The AwsAuth block provides three ways to authenticate:

MethodDescription
Static CredentialsEnter Access Key ID and Secret Access Key directly
AWS SSOUse AWS IAM Identity Center (formerly AWS SSO)
Local ProfileUse a profile from ~/.aws/credentials
  • title (string) - Display title shown in the UI (default: “AWS Authentication”). Supports inline markdown (bold, italic, links, code).
  • description (string) - Longer description of the authentication purpose. Supports inline markdown.
  • defaultRegion (string) - Default AWS region for CLI commands (default: “us-east-1”). Sets AWS_REGION environment variable.

These props configure AWS SSO (IAM Identity Center) authentication:

  • ssoStartUrl (string) - Your organization’s AWS SSO start URL (e.g., https://my-company.awsapps.com/start)
  • ssoRegion (string) - The AWS region where your IAM Identity Center is configured (default: “us-east-1”)
  • ssoAccountId (string) - Pre-select a specific AWS account after SSO authentication
  • ssoRoleName (string) - Pre-select a specific IAM role to assume

When authentication succeeds, the following environment variables are automatically set for subsequent Command and Check blocks:

VariableDescription
AWS_ACCESS_KEY_IDThe AWS access key
AWS_SECRET_ACCESS_KEYThe AWS secret key
AWS_SESSION_TOKENSession token (for temporary credentials from SSO or assume role)
AWS_REGIONThe selected default region

These variables are set in the session environment, so all subsequent blocks have access without needing to explicitly reference awsAuthId.

When you authenticate to AWS using the AwsAuth block, the environment variables above are automatically made available to all subsequent Command and Check blocks. This means that Command and Check blocks will use the most recently authenticated AwsAuth block (if any) to get AWS authentication credentials.
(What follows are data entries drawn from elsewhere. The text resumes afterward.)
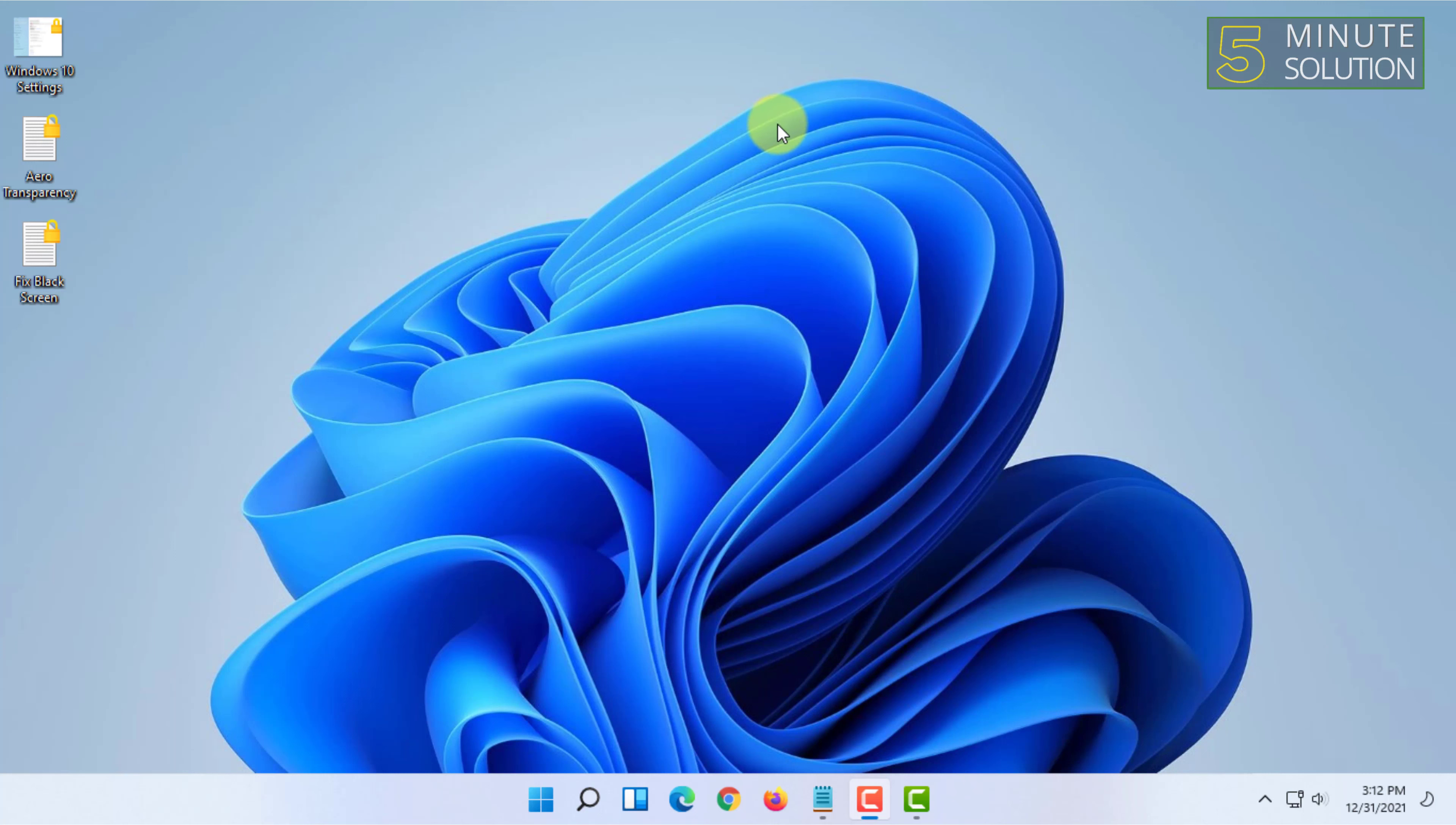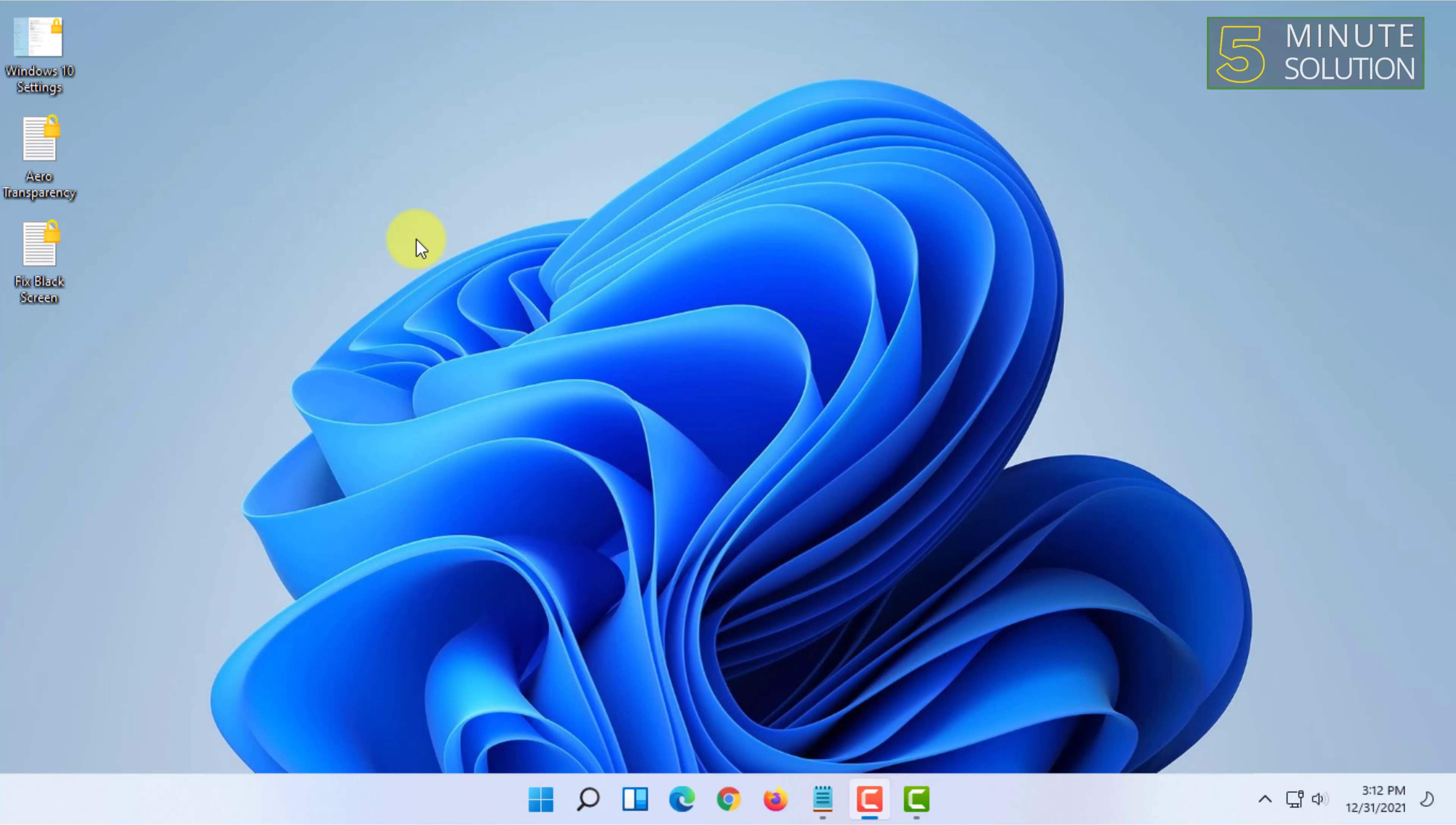will almost make it like Windows 10 start menu. There was a way by which you could completely switch back to Windows 10 start menu, but after a Windows 11 update, that method doesn't work. So for making Windows 11 start menu like Windows 10, all you have to do is basically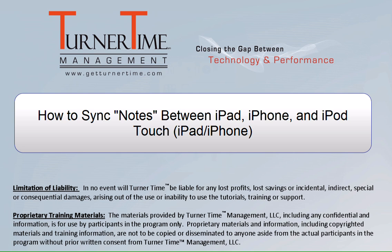Hello and welcome to Turner Time Tutorials. This video is on how to sync notes between your iPhone and iPad.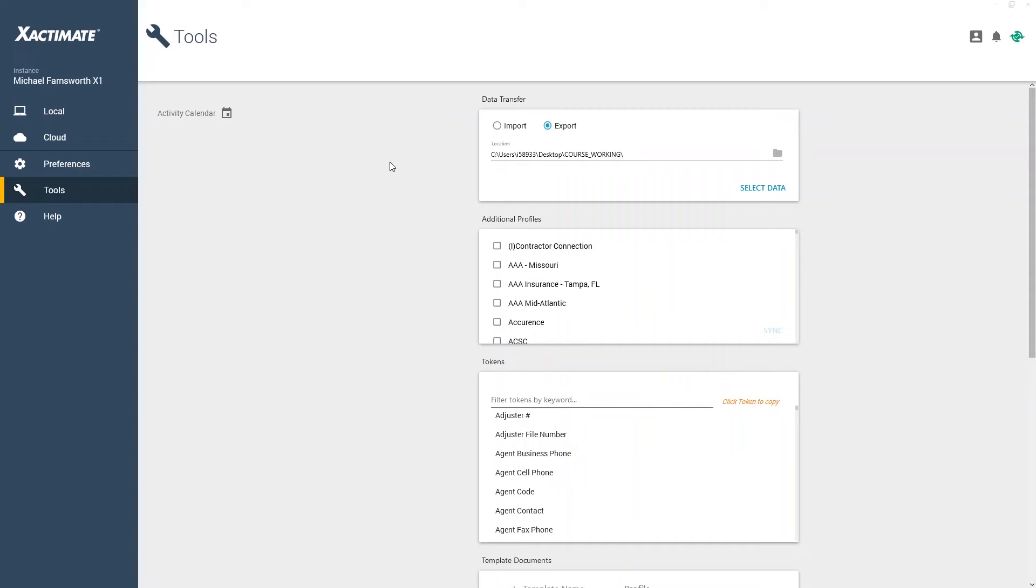First, I'll open my other instance of Xactimate, then I'll go back to the Tools screen and select Import in the Data Transfer section.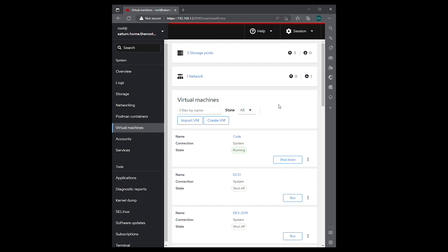And so this first video is going to be on installing Fedora server 36, getting that configured, and then we'll continue on with installing PyHole in the next video and then installing satellite and then finally configuring satellite.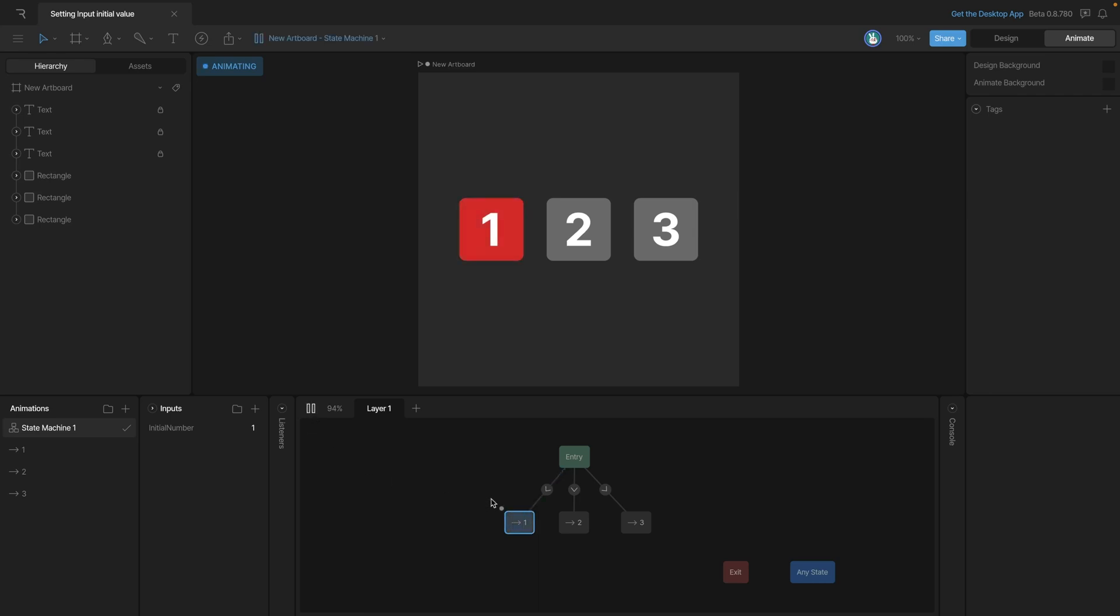Now, if we start our state machine now, we'll go to the first animation. And that's because the condition that we have set makes the number one animation play.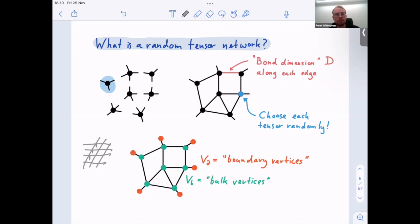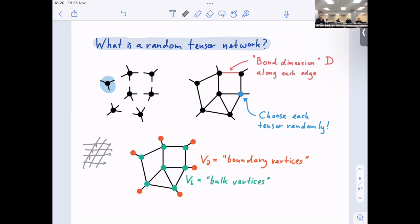For bookkeeping purposes, all the places where we have a tensor we call bulk vertices. At the ends of legs that are still dangling — where the resulting tensor actually lives — we also place a vertex which we call a boundary vertex. So at the bulk vertices we have tensors which are contracted, and the resulting object lives on the boundary. This is really just a bookkeeping tool to keep track of the system.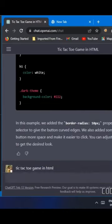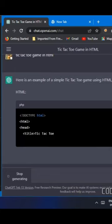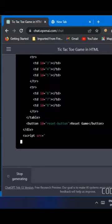We're going to ask ChatGPT how to create a Tic-Tac-Toe game in HTML. It will reply with HTML, CSS, and JavaScript files.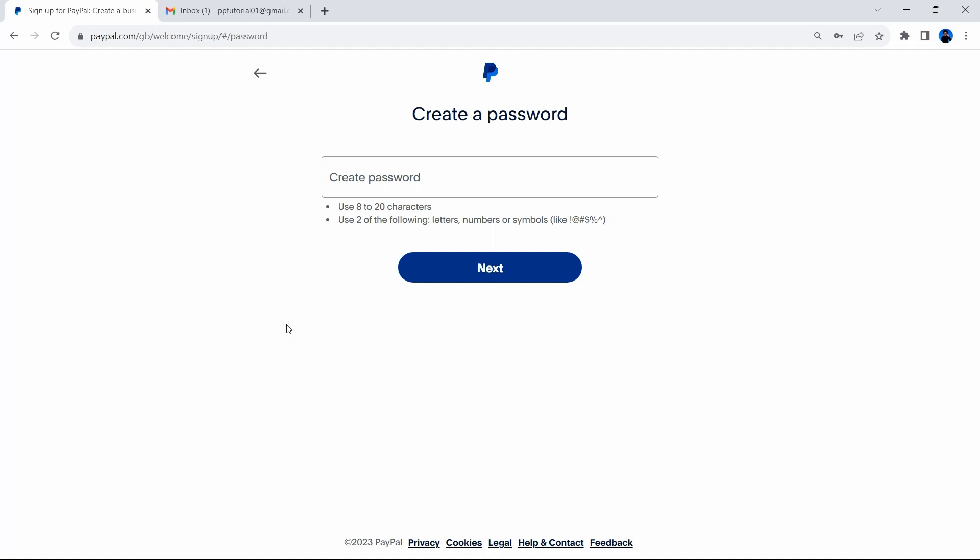I've just entered the code and now it's asking me to create a password. A password needs to be at least 8 to 20 characters. By characters, it means either a symbol, a letter or a number. You also need to use two of the following: letters, numbers or symbols. Symbols are actually these that you can see right here and they are not letters or numbers. Now the cool thing is, when you're entering the password, it will actually tell you if you've done these parameters correctly. So if you've entered 8 characters, it will give you a green tick. And if you've entered at least numbers or symbols, two of the following, it will give you a green tick. So that makes it far easier for you when you're creating this password. Once you've done that, select next.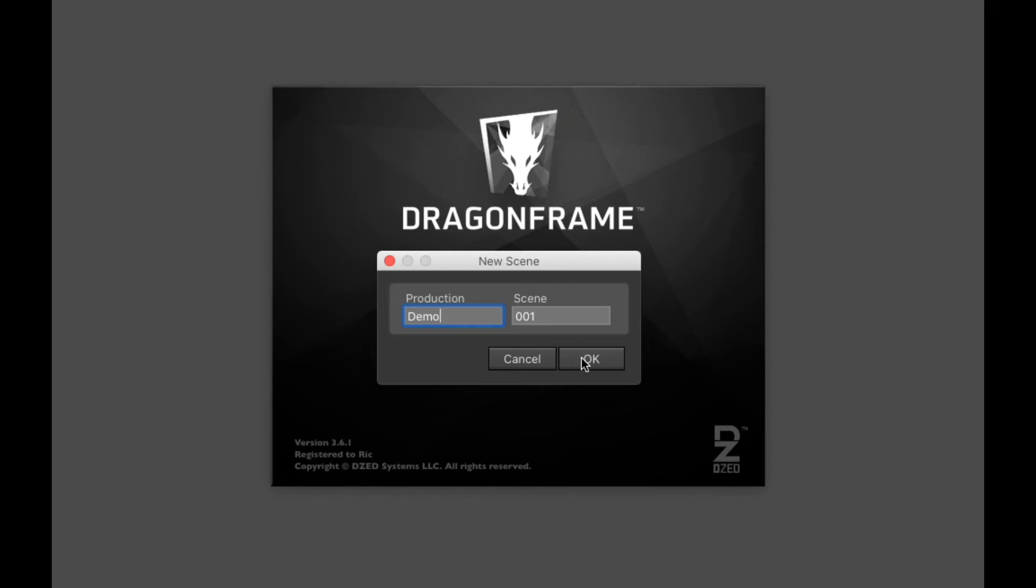Dragon Frame is really set up to be used in professional movie production and stuff like that. So this would be to keep in sync with the call sheet or the scene sheet that you were doing.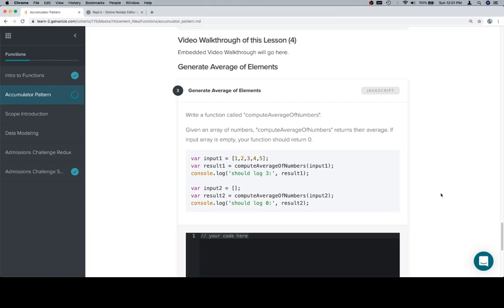Hey everyone, this is part 4, and we're going to generate the average of a series of elements. So we'll write a function called computeAverageOfNumbers. Given an array of numbers, computeAverageOfNumbers returns their average. If the input array is empty, your function should return 0.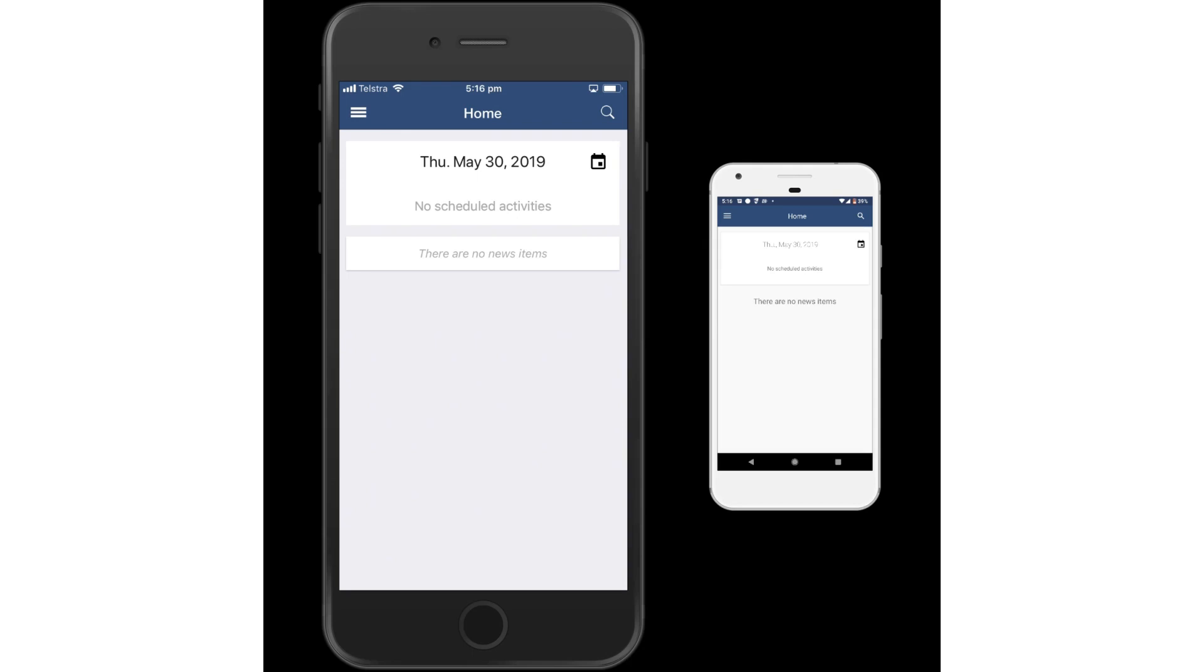Hello parents and carers, and welcome to this screencast demonstrating the security functionality of the Compass School Manager app.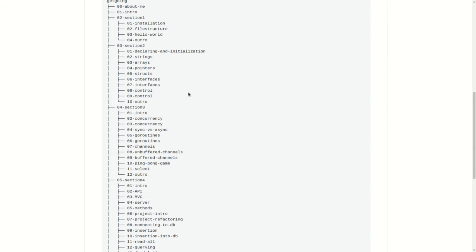Then we will be making a simple ping pong game using Go routines. After that we will be looking at select block and how select block can be used to see what channels we are getting our information on.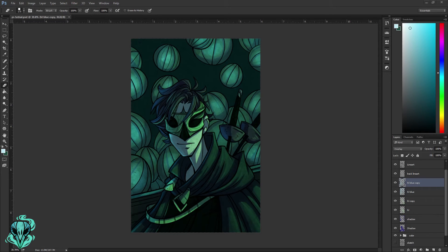At this point I have a good understanding of the values, but I'm seeing that the character is blending quite a bit with the background. I need to either make him lighter or change the colors of the background. I'm going to mess around with a few different things, experiment, and see which I like best.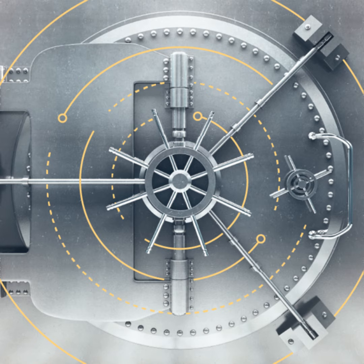There was this absolutely ridiculous notion that the way we were going to store the most important private keys in digital assets that we ever created was going to be by copying the technology that the pirates used in the 1700s to store the gold coins. That was it.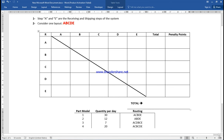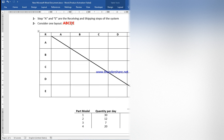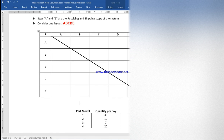In this video I'm going to show you how to do a from-to chart for facility layout. Why do we use it? For example, we went to a factory and we have five machines, starting from A all the way to E. The layout of the machines in the factory is A, B, C, D, and E.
Any subsequent AWS authentication will update the environment variables and then become the default AWS authentication credentials.

However, in some cases, you may want to use a specific AWS authentication with a block, not just the most recent AWS authentication. To do that, you can reference a specific AwsAuth block from Command or Check blocks using the awsAuthId prop. For example:

<AwsAuth
id="aws-auth"
title="Authenticate to AWS"
defaultRegion="us-west-2"
ssoStartUrl="https://my-company.awsapps.com/start"
/>
<Check
id="verify-identity"
title="Verify AWS Identity"
command="aws sts get-caller-identity"
awsAuthId="aws-auth"
successMessage="Successfully authenticated!"
/>
<Command
id="list-buckets"
title="List S3 Buckets"
command="aws s3 ls"
awsAuthId="aws-auth"
successMessage="Buckets listed!"
/>

Skip the account/role selection step by pre-configuring them:

<AwsAuth
id="aws-auth"
title="Authenticate to Production"
ssoStartUrl="https://my-company.awsapps.com/start"
ssoRegion="us-east-1"
ssoAccountId="123456789012"
ssoRoleName="AdministratorAccess"
defaultRegion="us-west-2"
/>

You can include multiple AwsAuth blocks in a single runbook to authenticate to different AWS accounts:

<AwsAuth
id="source-account"
title="Source Account (Development)"
defaultRegion="us-west-2"
/>
<Command
id="export-data"
title="Export Data from Source"
command="aws s3 cp s3://source-bucket/data.json /tmp/data.json"
awsAuthId="source-account"
/>
<AwsAuth
id="target-account"
title="Target Account (Production)"
defaultRegion="us-east-1"
/>
<Command
id="import-data"
title="Import Data to Target"
command="aws s3 cp /tmp/data.json s3://target-bucket/data.json"
awsAuthId="target-account"
/>

The Local Profile tab shows profiles from your ~/.aws/credentials and ~/.aws/config files. Two profile types are supported:

Profile TypeDescription
Static CredentialsProfiles with aws_access_key_id and aws_secret_access_key
Assume RoleProfiles that use role_arn to assume a role

See the demo-runbook-aws-auth runbook for a good walkthrough of the AwsAuth block.